Denis Podalydès, Voix off, Mercure de France, coll. "Traits & Portraits", 2008.

> Présentation de l'éditeur

J’ai confié à ma voix le soin de me représenter tout entier. Pas même mes propres paroles. Les mots des autres me tiennent lieu de parfaite existence dans ce temps de la voix s’enregistrant, gravant, pour moi presque écrivant, où sans blesser quiconque, sans manquer à rien je n’y suis plus pour personne sinon pour ceux qui m’écoutent. Ils contribuent, par leur attention, leur protection silencieuse, à mieux me séparer des autres, et de moi. Je n’y suis plus pour personne. Je lis. La voix haute n’est pas si haute. Dans le medium. Je suis comme le bavard impénitent qui parle sauf que je lis, j’ai l’excuse de lire de merveilleuses pages de littérature, de la plus grande, je ne parle pas de moi, je ne bavarde pas, je transmets les beautés d’un style, je raconte une histoire, je fais vivre des personnages de papier, j’avance dans un récit, une forêt dans laquelle je taille ma route à coup d’accents, d’inflexions, de vitesses, de ralentissements, de changements de registre, de sons. Mais lisant, je sais que je parle, que c’est de moi dont il s’agit.

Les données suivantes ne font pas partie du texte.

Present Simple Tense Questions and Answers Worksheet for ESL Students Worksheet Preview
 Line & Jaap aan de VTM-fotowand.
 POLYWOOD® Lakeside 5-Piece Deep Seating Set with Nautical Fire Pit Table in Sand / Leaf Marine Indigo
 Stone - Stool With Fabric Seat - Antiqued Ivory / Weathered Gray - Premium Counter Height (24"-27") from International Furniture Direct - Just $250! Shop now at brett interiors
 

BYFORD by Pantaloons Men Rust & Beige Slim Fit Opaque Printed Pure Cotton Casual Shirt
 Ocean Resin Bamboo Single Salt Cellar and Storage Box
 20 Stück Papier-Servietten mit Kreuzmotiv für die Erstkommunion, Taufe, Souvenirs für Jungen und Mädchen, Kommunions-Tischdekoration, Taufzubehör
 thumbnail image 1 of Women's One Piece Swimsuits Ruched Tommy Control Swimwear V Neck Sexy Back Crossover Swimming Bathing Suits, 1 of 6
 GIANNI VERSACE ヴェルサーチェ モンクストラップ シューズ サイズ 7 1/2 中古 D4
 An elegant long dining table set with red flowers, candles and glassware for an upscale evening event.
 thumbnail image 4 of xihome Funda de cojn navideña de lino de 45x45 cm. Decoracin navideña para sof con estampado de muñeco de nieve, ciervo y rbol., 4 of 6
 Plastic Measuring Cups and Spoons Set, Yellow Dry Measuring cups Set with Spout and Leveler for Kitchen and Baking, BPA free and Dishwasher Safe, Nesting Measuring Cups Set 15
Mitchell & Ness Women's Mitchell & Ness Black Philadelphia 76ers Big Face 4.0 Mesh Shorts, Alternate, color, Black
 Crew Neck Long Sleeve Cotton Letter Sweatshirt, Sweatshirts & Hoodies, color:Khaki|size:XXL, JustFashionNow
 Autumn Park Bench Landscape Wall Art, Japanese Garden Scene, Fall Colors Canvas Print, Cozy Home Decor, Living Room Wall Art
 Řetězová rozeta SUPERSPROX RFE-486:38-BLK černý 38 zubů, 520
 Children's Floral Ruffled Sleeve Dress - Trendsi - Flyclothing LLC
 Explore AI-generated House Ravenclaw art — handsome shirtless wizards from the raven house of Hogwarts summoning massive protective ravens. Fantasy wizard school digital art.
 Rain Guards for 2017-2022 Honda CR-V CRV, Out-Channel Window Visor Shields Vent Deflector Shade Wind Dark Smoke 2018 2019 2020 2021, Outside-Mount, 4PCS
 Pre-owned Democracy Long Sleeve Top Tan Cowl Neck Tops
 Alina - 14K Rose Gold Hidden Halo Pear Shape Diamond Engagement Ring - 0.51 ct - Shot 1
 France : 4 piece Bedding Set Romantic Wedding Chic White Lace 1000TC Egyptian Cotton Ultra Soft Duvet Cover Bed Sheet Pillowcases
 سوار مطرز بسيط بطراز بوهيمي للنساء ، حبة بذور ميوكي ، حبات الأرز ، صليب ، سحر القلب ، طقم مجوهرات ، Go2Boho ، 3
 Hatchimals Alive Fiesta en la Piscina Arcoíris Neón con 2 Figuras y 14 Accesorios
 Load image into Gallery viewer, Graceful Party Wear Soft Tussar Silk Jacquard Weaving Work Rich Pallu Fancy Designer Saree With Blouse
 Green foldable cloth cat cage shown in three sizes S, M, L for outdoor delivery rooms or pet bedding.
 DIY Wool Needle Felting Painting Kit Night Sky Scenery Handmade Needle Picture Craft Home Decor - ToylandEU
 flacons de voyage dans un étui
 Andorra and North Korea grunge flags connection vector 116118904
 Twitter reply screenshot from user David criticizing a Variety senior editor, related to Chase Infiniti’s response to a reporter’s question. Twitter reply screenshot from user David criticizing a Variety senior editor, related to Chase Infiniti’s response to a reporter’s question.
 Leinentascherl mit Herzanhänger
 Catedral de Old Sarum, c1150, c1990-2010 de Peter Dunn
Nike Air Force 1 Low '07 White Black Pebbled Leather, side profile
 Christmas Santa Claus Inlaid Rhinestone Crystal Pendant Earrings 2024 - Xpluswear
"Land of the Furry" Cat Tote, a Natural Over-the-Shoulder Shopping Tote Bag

C'est en parcourant tous les territoires de la voix, la sienne et celle des autres, que Denis Podalydès trace ici un magnifique autoportrait à la fois drôle, vif et grave, à la manière de son jeu d'acteur. En effet, Denis Podalydès est aujourd'hui l'un des plus grands acteurs de théâtre mais il est aussi présent au cinéma et notamment dans les films de son frère Bruno Podalydès avec qui il a noué depuis l'enfance une relation privilégiée. Il est aussi metteur en scène et s'essaye à toutes les formes de création. Pas étonnant qu'il s'essaye à cet exercice de l'autoportrait. Ce livre sera aussi l'occasion pour lui qui est un si grand imitateur de voix, de revenir non seulement sur des voix aimées qui retracent l'histoire du théâtre mais encore sur l'histoire de sa génération, la voix de Pierre Mendès-France, de présentateurs de la radio ou de sa mère. Un livre-scène où tous les personnages déboulent, disparaissent et reviennent, se donnant la réplique, se questionnant, s'amusant, en sachant qu'ils sont à chaque fois un morceau de leur auteur. Dessins, croquis, photos viendront ponctuer ce voyage en « voix off ».

> Extrait
"Est-il, pour moi, lieu plus épargné, abri plus sûr, retraite plus paisible, qu'un studio d'enregistrement ? Enfermé de toutes parts, encapitonné, assis devant le seul micro, à voix haute — sans effort de projection, dans le médium —, deux ou trois heures durant, je lis les pages d'un livre. Le monde est alors celui de ce livre. Le monde est dans le livre. Le monde est le livre. Les vivants que je côtoie, les morts que je pleure, le temps qui passe, l'époque dont je suis le contemporain, l'histoire qui se déroule, l'air que je respire, sont ceux du livre. 
J'entre dans la lecture. Une fois passés tous les péages (installation, réglages, échauffements, même très modestes, erreurs de démarrage, premiers bafouillages, ajustement des yeux aux caractères d'imprimerie, assouplissement de la page, tenue du volume ouvert sur la tranche, mise en suspens de ma propre vie, de mes affects), rien ne me rappelle plus à l'autre monde que la faim, la soif, pour lesquelles sont prévus bouteilles et gâteaux, ou le terme fixé pour la fin de l'enregistrement.
Je n'y suis pour personne, sinon pour ceux qui m'écoutent, l'ingénieur du son, et le directeur artistique (ils vont souvent par deux). Leurs interventions, à mesure que la lecture progresse, se font plus rares. L'attention, la protection silencieuses dont ils m'entourent me séparent davantage du dehors, des autres, et de moi. Nacelle ou bathyscaphe, le réduit sans fenêtre où je m'enferme autorise une immersion ou une ascension totales. Nous descendons dans les profondeurs du livre, montons dans un ciel de langue. Je confie à la voix le soin de me représenter tout entier. Les mots écrits et lus me tiennent lieu de parfaite existence.
Discret, indirect, différé, antispectaculaire, cet exercice trouvera, plus tard, sa fin dans un disque. Ils seront peu nombreux pour l'écouter, bien sûr.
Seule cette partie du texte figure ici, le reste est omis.